What this task involves
Your answer must consist of the lines running from the one that holds "yaboAPP 体育赛事宣传图" to the end of the data, copied exactly.

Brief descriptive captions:
*****

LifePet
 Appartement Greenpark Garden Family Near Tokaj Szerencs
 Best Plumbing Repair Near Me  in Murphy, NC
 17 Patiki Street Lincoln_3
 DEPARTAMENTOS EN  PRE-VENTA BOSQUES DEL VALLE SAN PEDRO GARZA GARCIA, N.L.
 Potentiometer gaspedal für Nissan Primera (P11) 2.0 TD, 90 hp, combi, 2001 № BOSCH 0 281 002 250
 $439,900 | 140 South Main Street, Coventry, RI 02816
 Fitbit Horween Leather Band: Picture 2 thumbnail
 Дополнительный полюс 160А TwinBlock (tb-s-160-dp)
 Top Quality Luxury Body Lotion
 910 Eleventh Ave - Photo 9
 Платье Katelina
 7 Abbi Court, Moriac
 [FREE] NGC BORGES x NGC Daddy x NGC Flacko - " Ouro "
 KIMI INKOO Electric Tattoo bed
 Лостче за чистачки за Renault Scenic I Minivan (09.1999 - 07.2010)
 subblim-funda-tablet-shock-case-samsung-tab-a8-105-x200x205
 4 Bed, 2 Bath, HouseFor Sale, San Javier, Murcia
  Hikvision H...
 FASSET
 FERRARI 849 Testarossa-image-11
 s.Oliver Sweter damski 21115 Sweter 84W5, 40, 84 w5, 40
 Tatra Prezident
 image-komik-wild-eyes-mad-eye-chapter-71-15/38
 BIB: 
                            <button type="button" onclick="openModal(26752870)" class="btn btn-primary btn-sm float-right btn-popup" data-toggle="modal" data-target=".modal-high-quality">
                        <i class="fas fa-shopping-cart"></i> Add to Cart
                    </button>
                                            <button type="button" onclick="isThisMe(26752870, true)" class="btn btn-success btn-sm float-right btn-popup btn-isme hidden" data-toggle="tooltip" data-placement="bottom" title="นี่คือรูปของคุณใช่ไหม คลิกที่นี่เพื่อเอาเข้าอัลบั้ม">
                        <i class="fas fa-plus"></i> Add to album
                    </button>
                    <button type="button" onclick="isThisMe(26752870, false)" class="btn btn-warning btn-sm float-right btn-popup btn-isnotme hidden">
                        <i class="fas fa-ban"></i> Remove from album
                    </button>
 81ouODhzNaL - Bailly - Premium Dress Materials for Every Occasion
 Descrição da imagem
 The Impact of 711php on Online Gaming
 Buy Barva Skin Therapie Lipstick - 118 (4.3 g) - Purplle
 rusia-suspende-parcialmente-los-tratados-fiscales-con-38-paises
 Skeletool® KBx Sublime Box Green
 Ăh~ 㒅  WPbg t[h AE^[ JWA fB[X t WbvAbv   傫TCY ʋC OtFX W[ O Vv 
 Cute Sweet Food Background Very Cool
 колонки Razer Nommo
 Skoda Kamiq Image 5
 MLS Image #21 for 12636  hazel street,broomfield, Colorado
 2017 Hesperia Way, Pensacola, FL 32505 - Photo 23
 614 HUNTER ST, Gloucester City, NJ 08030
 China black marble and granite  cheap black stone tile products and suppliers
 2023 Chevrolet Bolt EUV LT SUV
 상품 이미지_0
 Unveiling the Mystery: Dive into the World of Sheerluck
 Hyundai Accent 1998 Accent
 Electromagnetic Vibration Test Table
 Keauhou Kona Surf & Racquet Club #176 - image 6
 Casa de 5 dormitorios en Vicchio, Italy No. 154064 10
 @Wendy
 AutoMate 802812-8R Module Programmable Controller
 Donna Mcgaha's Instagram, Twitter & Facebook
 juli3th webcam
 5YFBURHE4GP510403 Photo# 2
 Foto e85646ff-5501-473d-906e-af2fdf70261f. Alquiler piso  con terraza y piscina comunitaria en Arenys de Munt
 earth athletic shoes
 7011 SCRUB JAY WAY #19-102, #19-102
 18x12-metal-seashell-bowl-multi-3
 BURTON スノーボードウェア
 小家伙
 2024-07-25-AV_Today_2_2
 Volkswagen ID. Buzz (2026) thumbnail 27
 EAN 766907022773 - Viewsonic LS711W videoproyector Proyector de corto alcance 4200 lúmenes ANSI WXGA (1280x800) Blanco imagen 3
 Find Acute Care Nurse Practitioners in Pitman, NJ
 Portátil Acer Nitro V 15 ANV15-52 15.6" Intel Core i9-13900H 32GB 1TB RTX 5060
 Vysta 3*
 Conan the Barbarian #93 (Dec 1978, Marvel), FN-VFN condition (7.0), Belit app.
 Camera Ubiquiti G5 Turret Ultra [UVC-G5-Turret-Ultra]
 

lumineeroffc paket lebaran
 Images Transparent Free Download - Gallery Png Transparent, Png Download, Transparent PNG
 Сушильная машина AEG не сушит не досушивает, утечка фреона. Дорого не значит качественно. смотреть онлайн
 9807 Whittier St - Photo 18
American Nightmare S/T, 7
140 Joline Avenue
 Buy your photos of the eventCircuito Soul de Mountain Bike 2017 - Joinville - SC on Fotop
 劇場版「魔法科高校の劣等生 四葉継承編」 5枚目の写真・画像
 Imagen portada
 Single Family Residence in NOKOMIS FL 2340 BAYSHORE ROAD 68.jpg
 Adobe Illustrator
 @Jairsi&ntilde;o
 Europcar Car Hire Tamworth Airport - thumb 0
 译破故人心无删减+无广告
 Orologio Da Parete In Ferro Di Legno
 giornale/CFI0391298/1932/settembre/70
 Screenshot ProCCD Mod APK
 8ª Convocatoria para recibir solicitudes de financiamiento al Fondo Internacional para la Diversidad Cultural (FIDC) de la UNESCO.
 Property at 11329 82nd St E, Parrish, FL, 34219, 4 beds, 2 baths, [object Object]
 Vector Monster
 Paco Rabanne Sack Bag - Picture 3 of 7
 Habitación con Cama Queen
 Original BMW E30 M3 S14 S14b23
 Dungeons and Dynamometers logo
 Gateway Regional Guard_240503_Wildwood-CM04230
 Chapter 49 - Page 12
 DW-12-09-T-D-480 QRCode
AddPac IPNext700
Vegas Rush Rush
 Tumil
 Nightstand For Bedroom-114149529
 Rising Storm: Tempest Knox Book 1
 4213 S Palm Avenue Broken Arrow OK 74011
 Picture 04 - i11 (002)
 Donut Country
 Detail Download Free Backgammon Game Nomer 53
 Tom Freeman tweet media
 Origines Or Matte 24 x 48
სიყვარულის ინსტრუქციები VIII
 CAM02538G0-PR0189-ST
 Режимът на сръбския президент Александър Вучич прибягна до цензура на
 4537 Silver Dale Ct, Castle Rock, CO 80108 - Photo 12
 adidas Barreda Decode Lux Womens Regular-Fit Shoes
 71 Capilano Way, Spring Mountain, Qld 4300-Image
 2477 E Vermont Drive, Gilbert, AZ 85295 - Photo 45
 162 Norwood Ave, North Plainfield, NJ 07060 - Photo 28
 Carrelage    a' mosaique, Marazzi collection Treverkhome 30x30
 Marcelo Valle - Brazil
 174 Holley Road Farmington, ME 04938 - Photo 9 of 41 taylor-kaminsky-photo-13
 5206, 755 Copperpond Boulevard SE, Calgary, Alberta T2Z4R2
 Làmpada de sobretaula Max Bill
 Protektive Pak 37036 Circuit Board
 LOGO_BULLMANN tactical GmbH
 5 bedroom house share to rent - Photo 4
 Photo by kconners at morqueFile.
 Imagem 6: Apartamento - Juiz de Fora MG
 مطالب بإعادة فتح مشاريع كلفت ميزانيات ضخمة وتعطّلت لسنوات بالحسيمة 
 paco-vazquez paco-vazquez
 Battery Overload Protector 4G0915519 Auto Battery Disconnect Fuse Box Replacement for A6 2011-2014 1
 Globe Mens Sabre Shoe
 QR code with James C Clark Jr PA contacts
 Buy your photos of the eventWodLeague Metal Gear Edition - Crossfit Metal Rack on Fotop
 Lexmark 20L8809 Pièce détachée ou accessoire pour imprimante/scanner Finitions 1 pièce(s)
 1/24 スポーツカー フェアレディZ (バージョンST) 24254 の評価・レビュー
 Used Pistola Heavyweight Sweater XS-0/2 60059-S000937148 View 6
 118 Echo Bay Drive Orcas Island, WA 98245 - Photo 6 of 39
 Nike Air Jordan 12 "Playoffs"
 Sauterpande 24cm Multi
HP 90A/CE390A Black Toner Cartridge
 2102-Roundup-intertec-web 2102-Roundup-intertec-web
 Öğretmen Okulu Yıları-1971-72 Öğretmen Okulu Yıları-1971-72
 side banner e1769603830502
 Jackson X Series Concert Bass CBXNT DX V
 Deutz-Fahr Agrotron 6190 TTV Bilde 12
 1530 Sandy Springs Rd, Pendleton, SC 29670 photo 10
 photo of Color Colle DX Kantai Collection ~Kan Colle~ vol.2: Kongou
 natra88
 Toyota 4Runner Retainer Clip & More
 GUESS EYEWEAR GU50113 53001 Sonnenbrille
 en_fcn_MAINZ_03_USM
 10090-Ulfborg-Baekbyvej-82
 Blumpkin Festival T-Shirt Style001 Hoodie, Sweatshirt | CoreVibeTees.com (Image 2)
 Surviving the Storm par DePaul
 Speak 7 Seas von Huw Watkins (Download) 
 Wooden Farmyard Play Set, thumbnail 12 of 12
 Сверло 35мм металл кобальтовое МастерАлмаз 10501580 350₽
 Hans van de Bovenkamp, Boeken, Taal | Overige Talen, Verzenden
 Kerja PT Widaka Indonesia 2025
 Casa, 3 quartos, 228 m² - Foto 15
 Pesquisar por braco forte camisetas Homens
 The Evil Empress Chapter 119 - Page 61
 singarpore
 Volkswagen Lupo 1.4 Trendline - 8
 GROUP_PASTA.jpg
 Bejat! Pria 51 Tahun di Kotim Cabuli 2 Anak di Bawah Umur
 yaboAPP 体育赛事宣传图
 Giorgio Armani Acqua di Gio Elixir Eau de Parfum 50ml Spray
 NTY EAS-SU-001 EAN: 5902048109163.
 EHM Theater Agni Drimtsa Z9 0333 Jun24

*****

Answer section
 yaboAPP 体育赛事宣传图
 Giorgio Armani Acqua di Gio Elixir Eau de Parfum 50ml Spray
 NTY EAS-SU-001 EAN: 5902048109163.
 EHM Theater Agni Drimtsa Z9 0333 Jun24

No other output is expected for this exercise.